Records for this exercise →
____
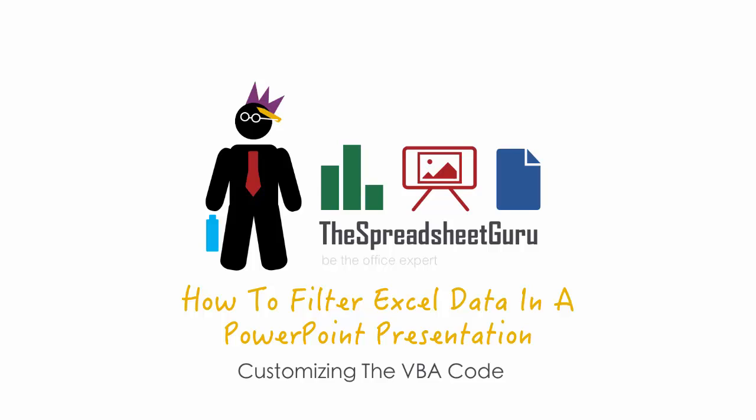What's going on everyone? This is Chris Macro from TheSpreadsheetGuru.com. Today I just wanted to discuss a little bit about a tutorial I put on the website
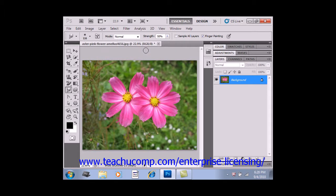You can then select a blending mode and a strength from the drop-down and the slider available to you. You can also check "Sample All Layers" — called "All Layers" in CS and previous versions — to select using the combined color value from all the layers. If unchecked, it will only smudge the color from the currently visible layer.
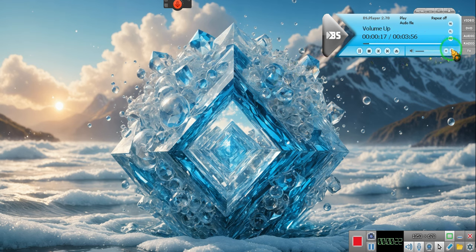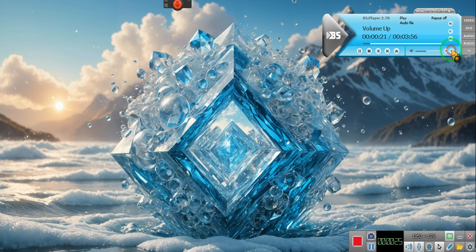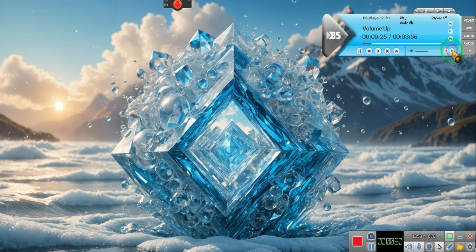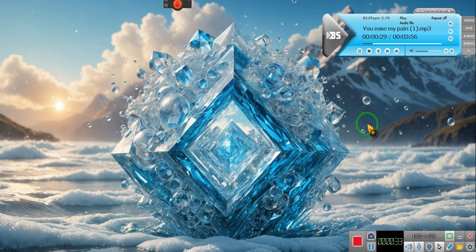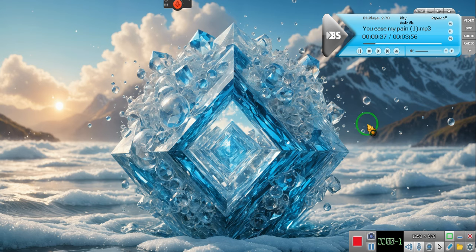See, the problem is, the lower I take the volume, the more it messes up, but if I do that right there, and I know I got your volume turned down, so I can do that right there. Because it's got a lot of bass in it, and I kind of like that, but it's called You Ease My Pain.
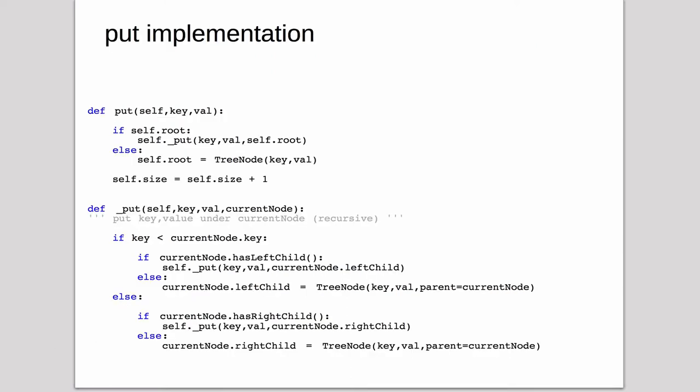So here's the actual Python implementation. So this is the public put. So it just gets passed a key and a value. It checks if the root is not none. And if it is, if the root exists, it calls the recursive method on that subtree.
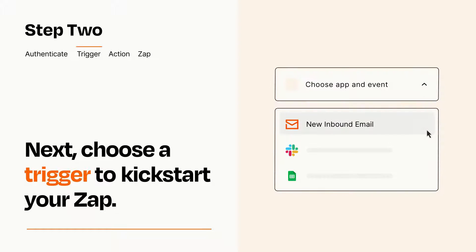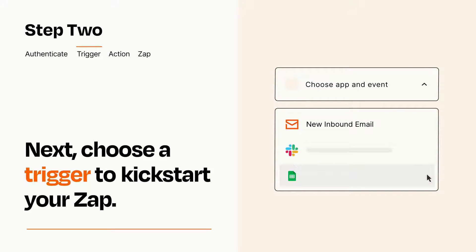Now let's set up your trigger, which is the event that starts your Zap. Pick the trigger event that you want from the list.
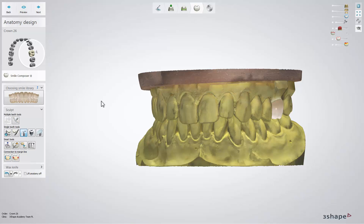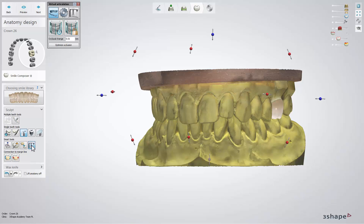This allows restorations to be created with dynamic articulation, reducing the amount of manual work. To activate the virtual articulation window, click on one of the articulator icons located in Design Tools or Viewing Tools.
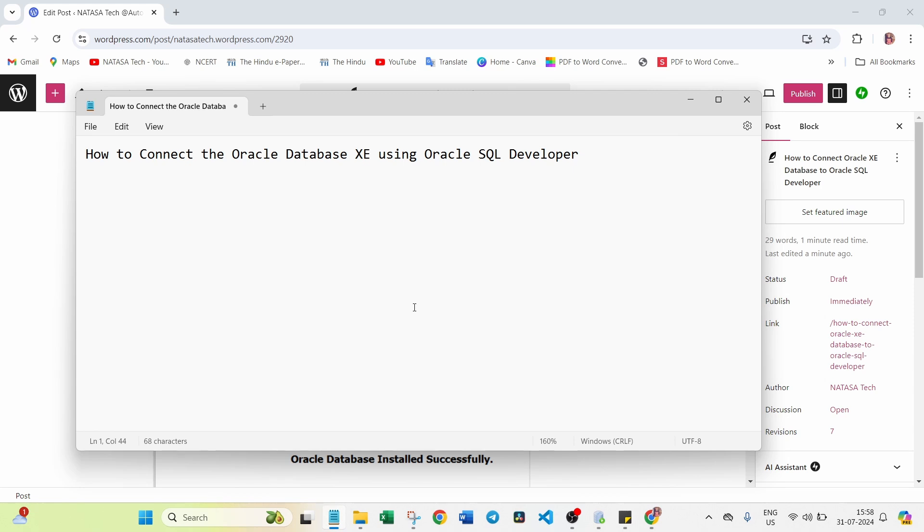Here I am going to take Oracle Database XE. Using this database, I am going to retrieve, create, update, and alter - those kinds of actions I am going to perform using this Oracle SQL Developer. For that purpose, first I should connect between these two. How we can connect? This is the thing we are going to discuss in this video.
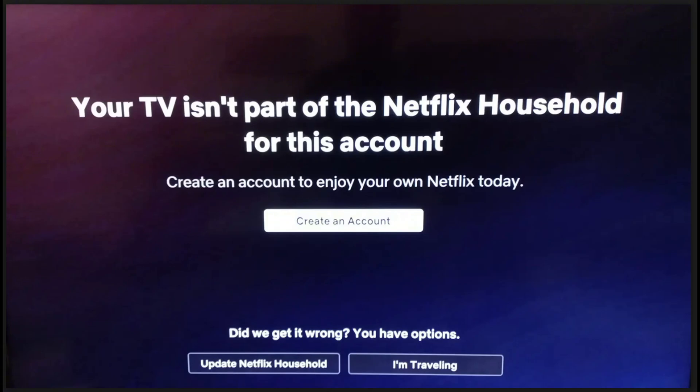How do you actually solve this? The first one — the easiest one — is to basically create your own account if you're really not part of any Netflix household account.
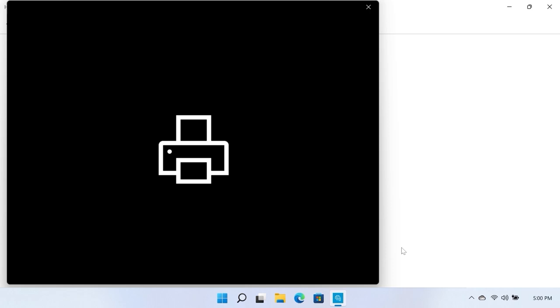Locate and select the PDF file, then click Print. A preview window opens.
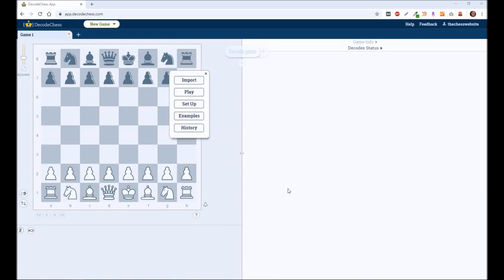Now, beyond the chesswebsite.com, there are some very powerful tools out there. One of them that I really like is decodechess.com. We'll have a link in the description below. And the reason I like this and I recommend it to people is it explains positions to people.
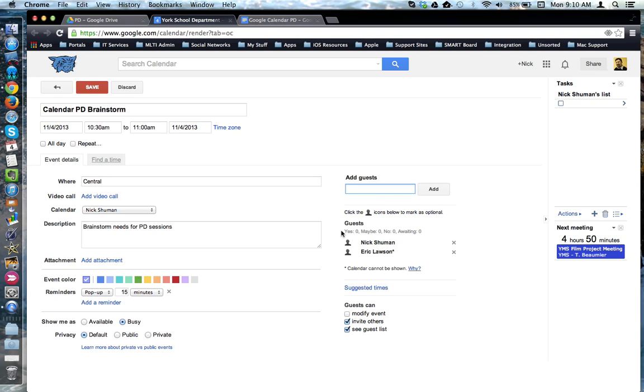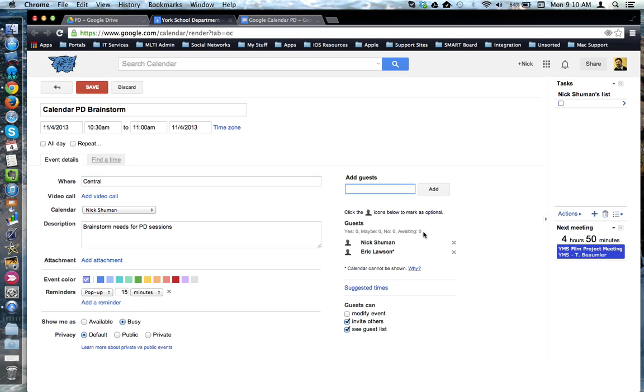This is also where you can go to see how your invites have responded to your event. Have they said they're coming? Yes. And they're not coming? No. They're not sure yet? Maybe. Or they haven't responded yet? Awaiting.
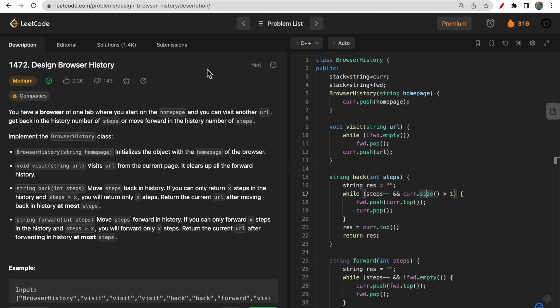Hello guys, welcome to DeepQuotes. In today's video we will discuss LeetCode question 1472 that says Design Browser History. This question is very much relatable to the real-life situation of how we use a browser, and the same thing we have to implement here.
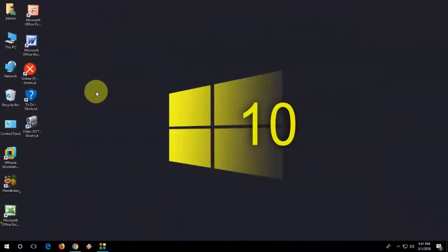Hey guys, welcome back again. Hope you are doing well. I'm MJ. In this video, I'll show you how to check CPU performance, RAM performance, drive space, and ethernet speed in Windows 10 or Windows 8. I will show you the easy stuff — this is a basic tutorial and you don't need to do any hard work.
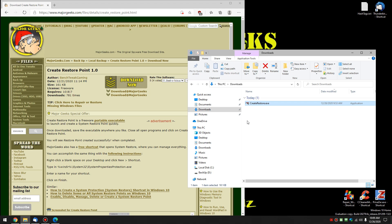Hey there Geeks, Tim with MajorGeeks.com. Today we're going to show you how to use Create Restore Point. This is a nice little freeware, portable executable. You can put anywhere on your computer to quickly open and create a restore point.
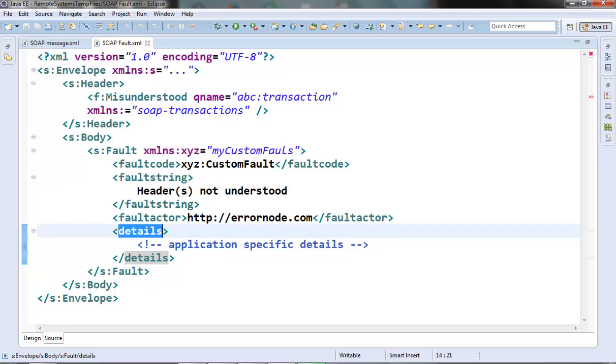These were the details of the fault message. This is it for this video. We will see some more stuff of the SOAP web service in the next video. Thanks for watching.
____
Exact repeat, pictures omitted: give every line from the top of the records down to and including the line with "Locate and select".

Output for this exercise →
What's going on everyone? This is Chris Macro from TheSpreadsheetGuru.com. Today I just wanted to discuss a little bit about a tutorial I put on the website
You can then select a blending mode and a strength from the drop-down and the slider available to you. You can also check "Sample All Layers" — called "All Layers" in CS and previous versions — to select using the combined color value from all the layers. If unchecked, it will only smudge the color from the currently visible layer.
See, the problem is, the lower I take the volume, the more it messes up, but if I do that right there, and I know I got your volume turned down, so I can do that right there. Because it's got a lot of bass in it, and I kind of like that, but it's called You Ease My Pain.
So here's the actual Python implementation. So this is the public put. So it just gets passed a key and a value. It checks if the root is not none. And if it is, if the root exists, it calls the recursive method on that subtree.
Now let's set up your trigger, which is the event that starts your Zap. Pick the trigger event that you want from the list.
This allows restorations to be created with dynamic articulation, reducing the amount of manual work. To activate the virtual articulation window, click on one of the articulator icons located in Design Tools or Viewing Tools.
Here I am going to take Oracle Database XE. Using this database, I am going to retrieve, create, update, and alter - those kinds of actions I am going to perform using this Oracle SQL Developer. For that purpose, first I should connect between these two. How we can connect? This is the thing we are going to discuss in this video.
How do you actually solve this? The first one — the easiest one — is to basically create your own account if you're really not part of any Netflix household account.
Locate and select the PDF file, then click Print. A preview window opens.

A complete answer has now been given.